FOXX: … First up we stick Streets of Fire in the DVD player and, in hindsight, I wished the DVD player had spontaneously combusted, then fucked off out the window and vanished into the deepest of space never to be seen again. It starts off slow, then gets worse with a complete plank-like lead character who during the film suffers from wood rot and gets progressively worse. The only decent part of this movie which lasted all of seven seconds was the lead up and then the final moment when Rick Moranis got his bloated hamster style cheeks smacked upside his head.

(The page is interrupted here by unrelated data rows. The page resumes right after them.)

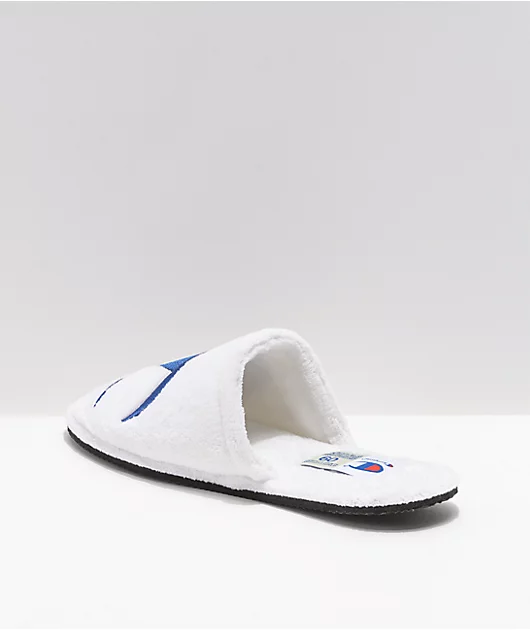 64895-champion-sleepover-white-slippers-2.webp Champion Sleepover White Slippers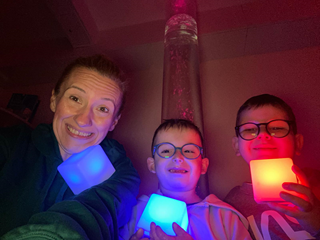 zajęcia w sali zmysłów z pedagogiem specjalnym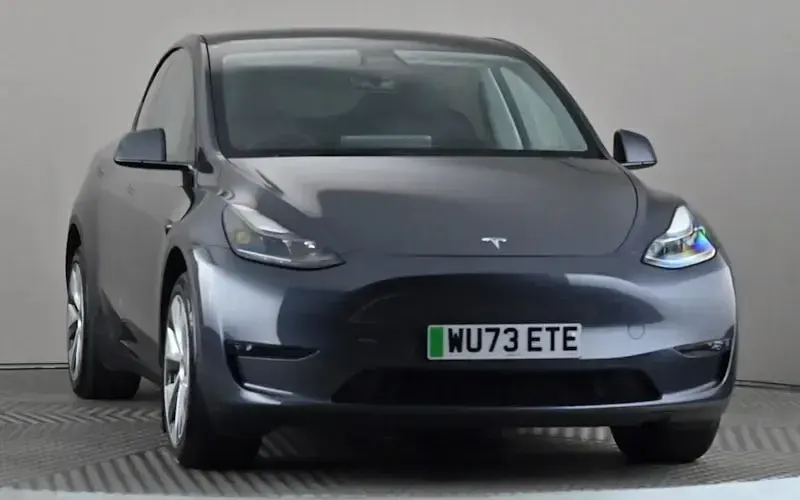 Used Tesla Model Y Long Range AWD 286 kW (389 HP) 2025 SUV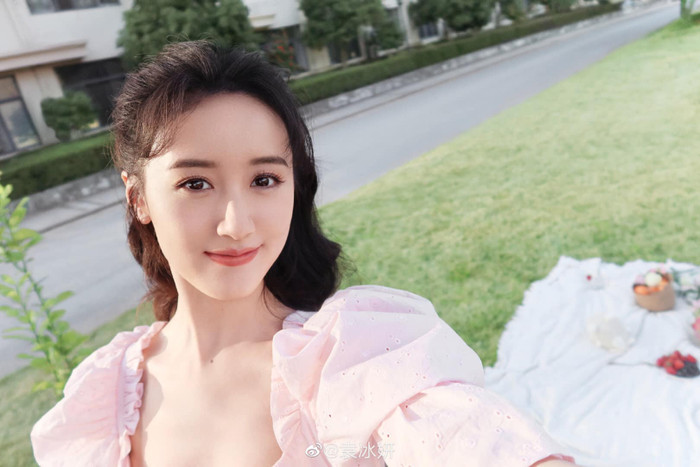 Bộ ảnh thuở mới vào nghề của Triệu Lệ Dĩnh hot trở lại, nhan sắc trong veo như nàng thơ Ảnh 9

If I was a film studio director and this landed on my desk and asked for a release, I would of filed it in the “Not in this lifetime” category and basically used the reel in order to wipe my arse after a week on the hottest curries known to man.
Dir: George A. Romero
Scr: George A. Romero
(Click here for the original trailer)
Plot: A travelling troupe of modern day bikers-turned-jousters-and-performers are slowly cracking under the pressure of hick cops, financial troubles and their failure to live up to their own ideals…

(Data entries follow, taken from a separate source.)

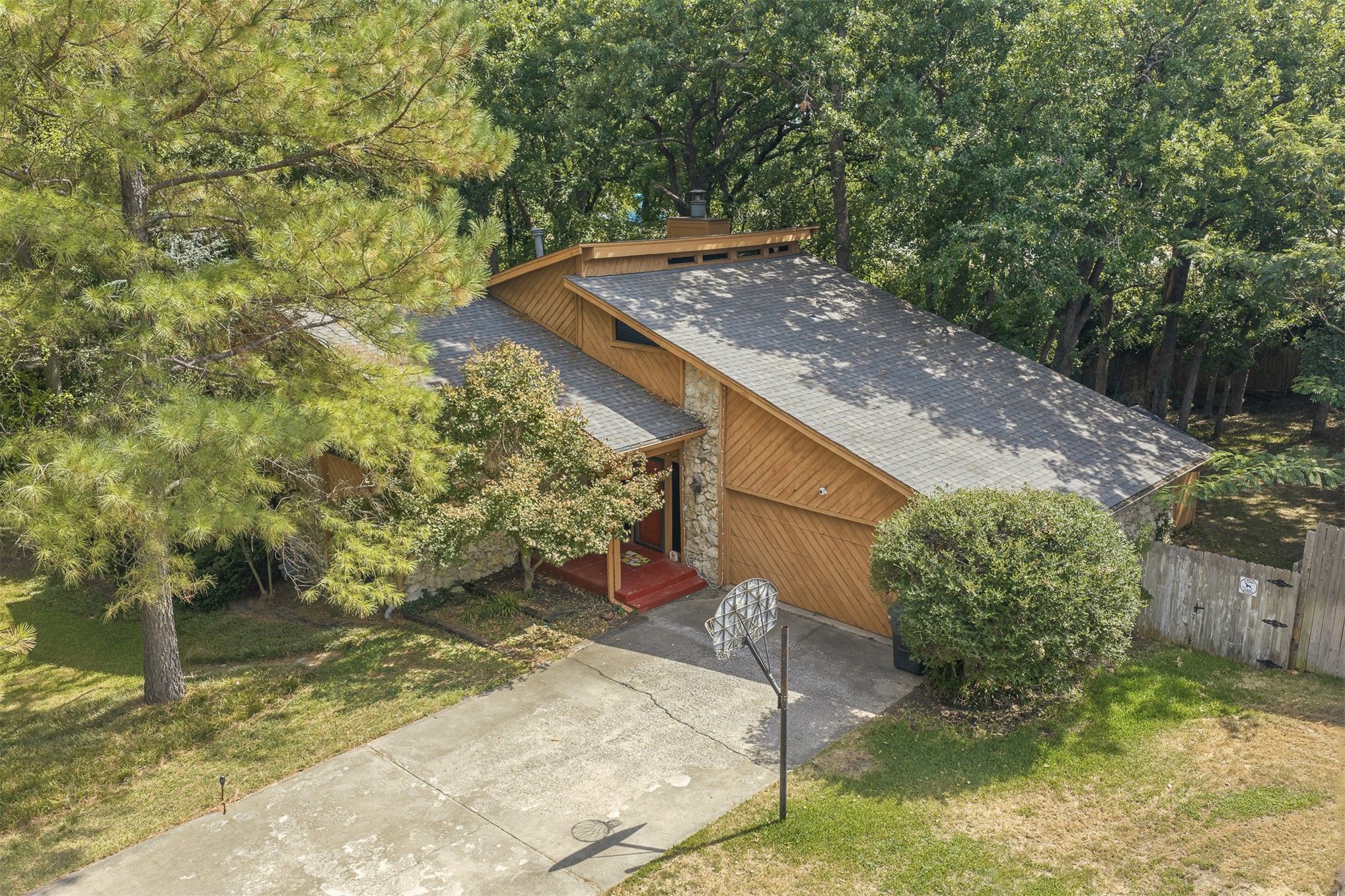 1409 Oakridge Road Property Photo 43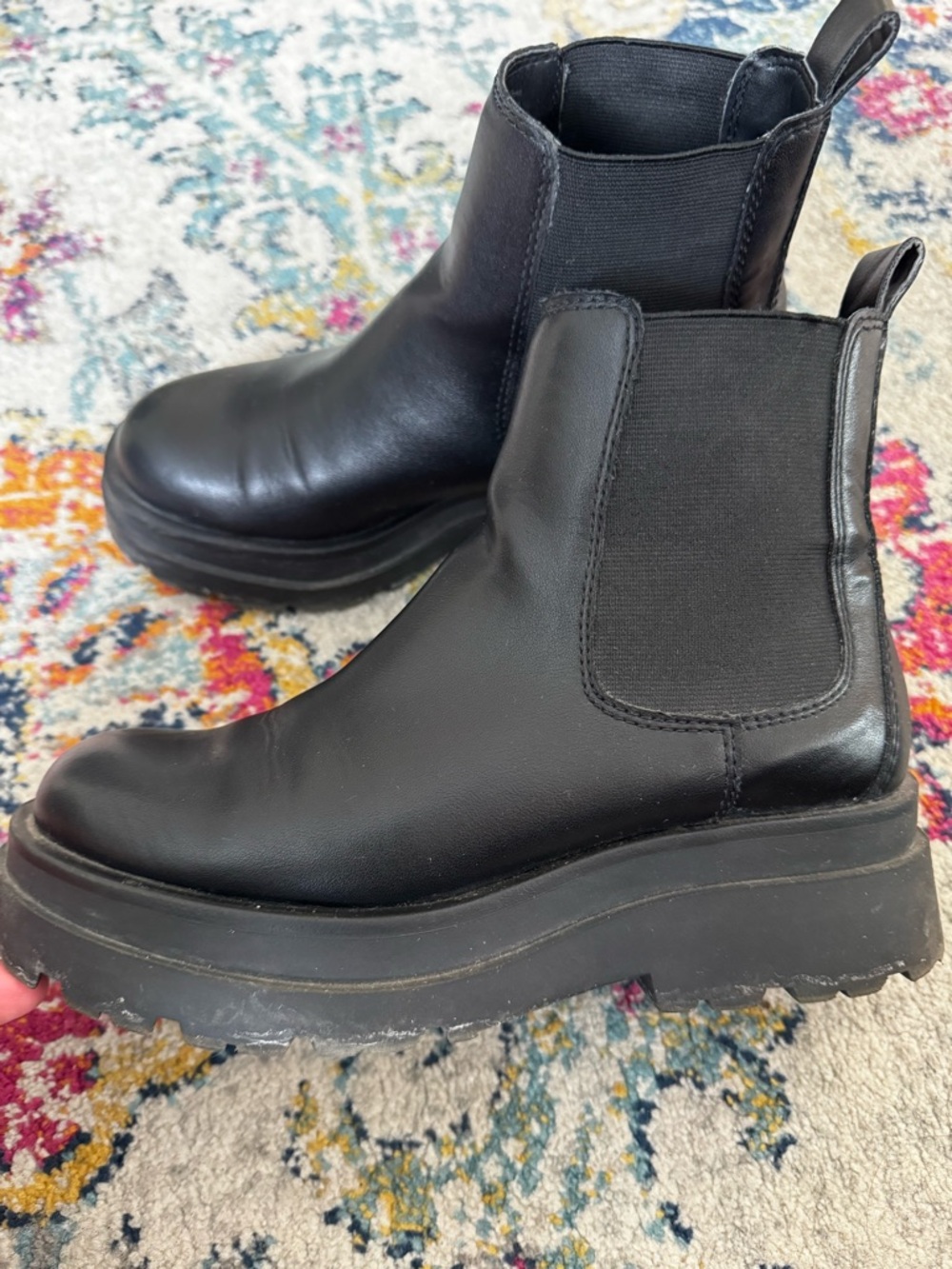 ALDO Chelsea Boots - 7.5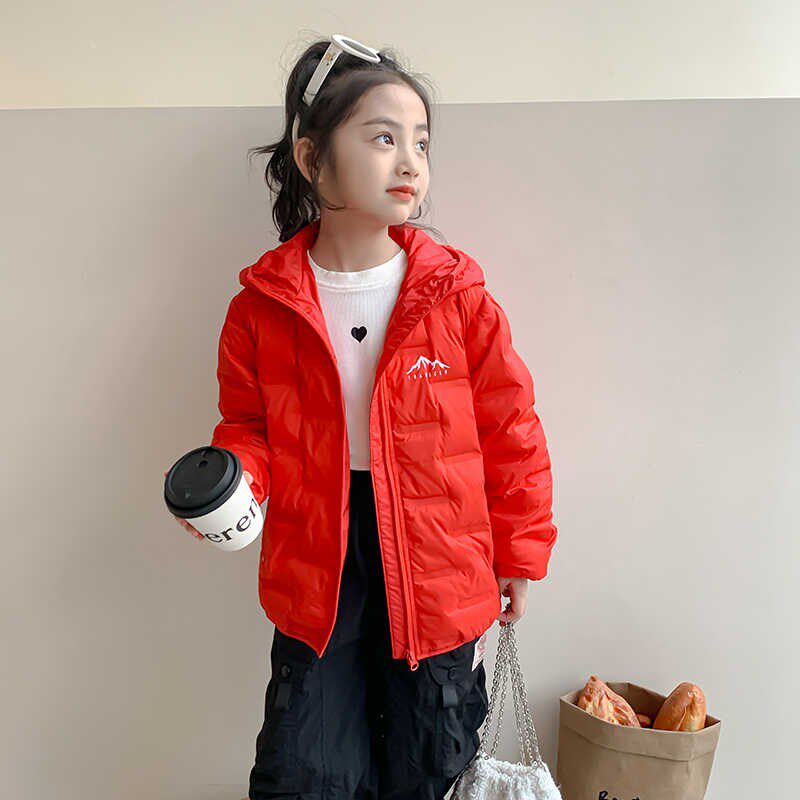 儿童轻薄90羽绒服女童洋气宝宝2024新款男童保暖冬季印花外套上衣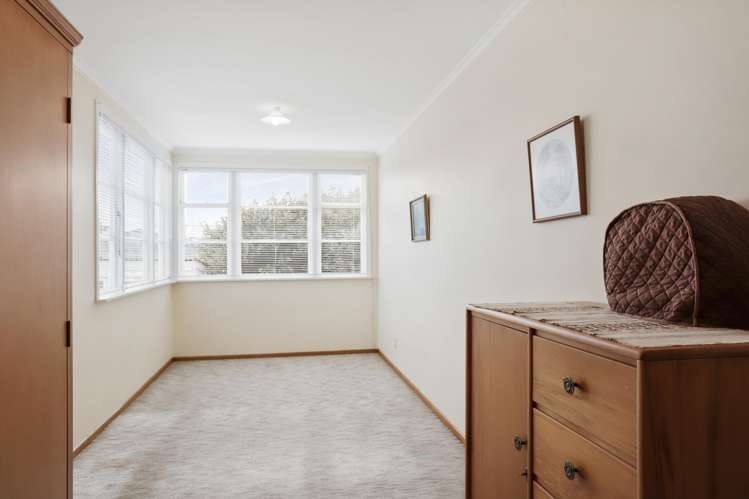 33 Seabrook Avenue New Lynn_12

GAZZ: I’m going to be controversial here I know but - outside of his Dead movies - there’s not a lot of George A. Romero’s work that I’ve got a lot of affection for. I know, I know. So, shoot me! I haven’t seen Martin. I wasn’t too crazy about The Crazies but there was a lot that I did like about it. Monkey Shines is a film I didn’t know existed until we had ‘3-Way #3′ and it came up on a trailer reel. And Knightriders? Well… let’s discuss Knightriders!
I’ve had a long term opinion that Romero is an “ideas man” first and foremost and directing his actors isn’t something that is particularly high up on his list of priorities. As brilliant as his Dead movies are, quality performances aren’t in abundance. I posed this assertion on the night and ‘Jimm’ kind of disagreed with me, posing quite an intelligent counter-argument. Though not so intelligent that I felt like changing my opinion. What Knightriders has on its side that a lot of Romero movies (until Land with its hiring of John Leguizamo) doesn’t is the presence of a classically trained actor - Ed Harris. And Ed Harris is the best thing in this movie.
I couldn’t quite get a handle on this flick, if I’m honest. I was really disappointed because I was so well versed in the other films on the agenda, and I’d been so intrigued by this film for so long, that I kinda came to viewing it with too strong an assumption that I would just “love” it based off Harris’ presence, the trailer and the mere concept of modern day jousting knights on motorbikes.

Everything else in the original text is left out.